The provided Dockerfile packages the model artifacts and serving logic as well as installing all the dependencies needed at inference time (flask, gunicorn, sklearn).

In [None]:
!pygmentize src/Dockerfile

In this notebook, we are showing a minimal example for how to create an inference image for clarity. However, for models that use common machine learning frameworks such as Sklearn, TensorFlow, TensorFlow 2, PyTorch, and Apache MXNet, AWS provides [Deep Learning Containers](https://docs.aws.amazon.com/deep-learning-containers/latest/devguide/what-is-dlc.html) as well as [Scikit-learn and SparkML Containers](https://docs.aws.amazon.com/sagemaker/latest/dg/pre-built-docker-containers-scikit-learn-spark.html), which are a set of optimized Docker images which greatly simplify the setup necessary for model serving. These images should be used as base images when possible as they are performance optimized for CPU, GPU, and Inferentia. [Detailed instructions](https://docs.aws.amazon.com/sagemaker/latest/dg/pre-built-containers-frameworks-deep-learning.html) are available for using the Deep Learning Containers.

Select the appropriate image (CPU/GPU/Inferentia/framework combination) and replace the ubuntu:18.04 base image when adapting this example notebook for your own model to take advantage of the prebuilt SageMaker containers. 

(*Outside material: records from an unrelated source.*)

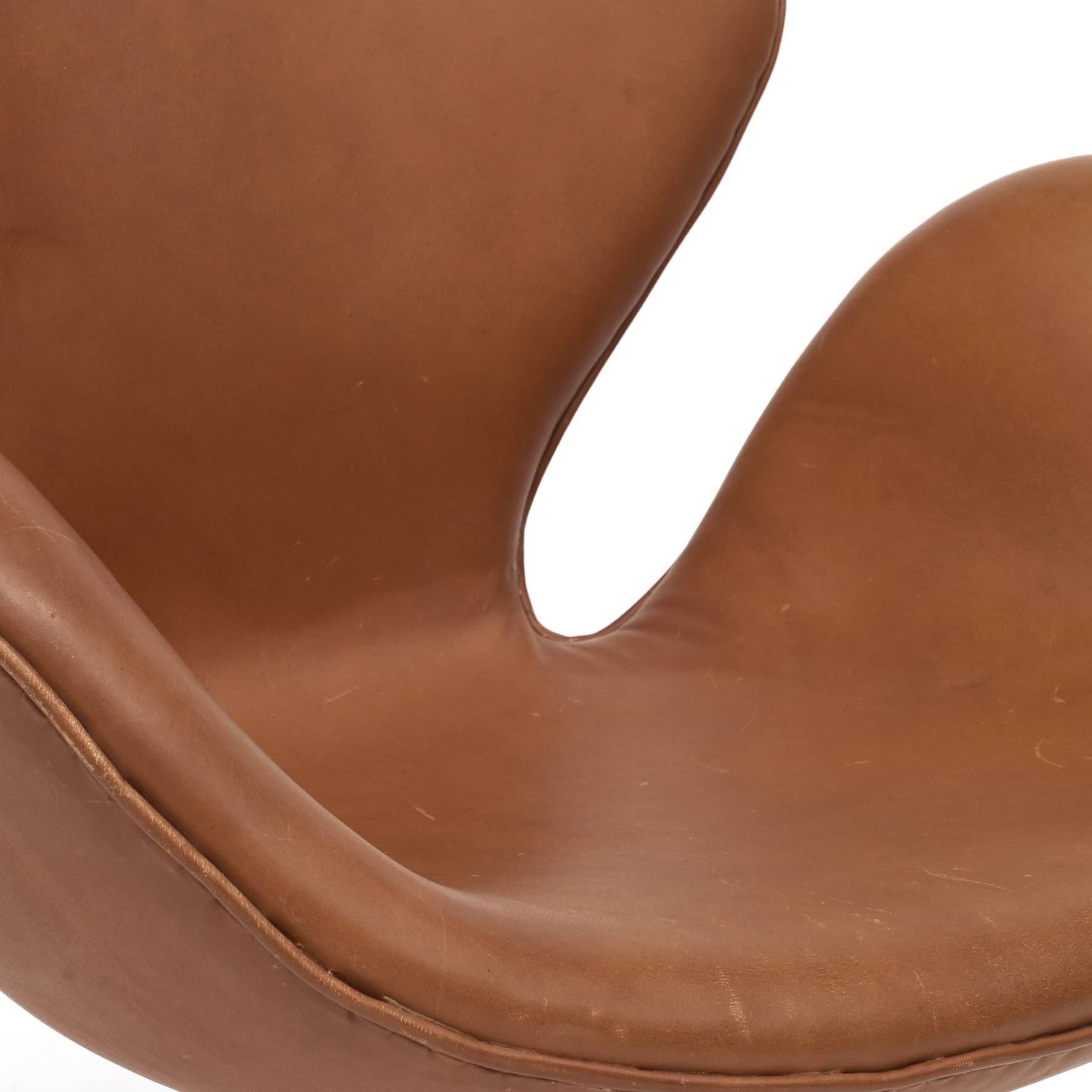 Svanen or Swan Chair by Arne Jacobsen In Good Condition In Kastrup, DK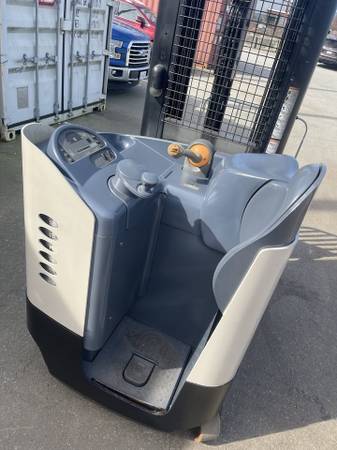 2015 CROWN, dovoz Kanada — foto 5 z 5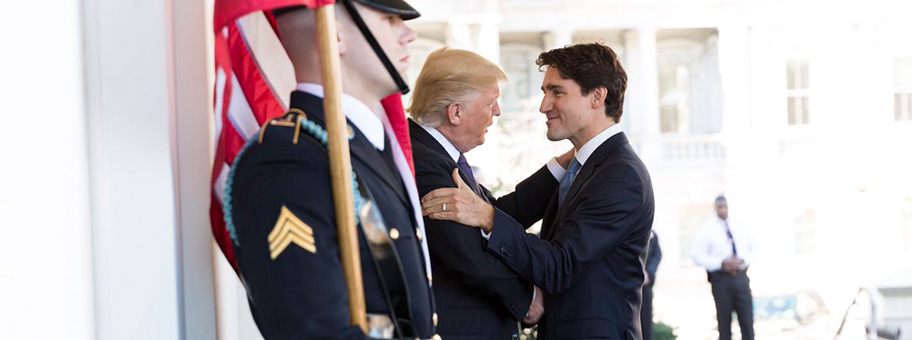 Der kanadische Premierminister Justin Trudeau mit US-Präsident Donald Trump am 13.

For additional performance optimization, [SageMaker Neo](https://docs.aws.amazon.com/sagemaker/latest/dg/neo.html) provides the ability to automatically optimize an existing model implemented in any common machine learning framework for deployment on cloud instances (including Inferentia).  To take advantage of SageMaker Neo, follow the instructions for [compilation](https://docs.aws.amazon.com/sagemaker/latest/dg/neo-job-compilation.html) and [serving](https://docs.aws.amazon.com/sagemaker/latest/dg/neo-deployment-hosting-services-prerequisites.html).

##### Serving application

`serve` is a minimal script for starting up an HTTP server to handle requests.  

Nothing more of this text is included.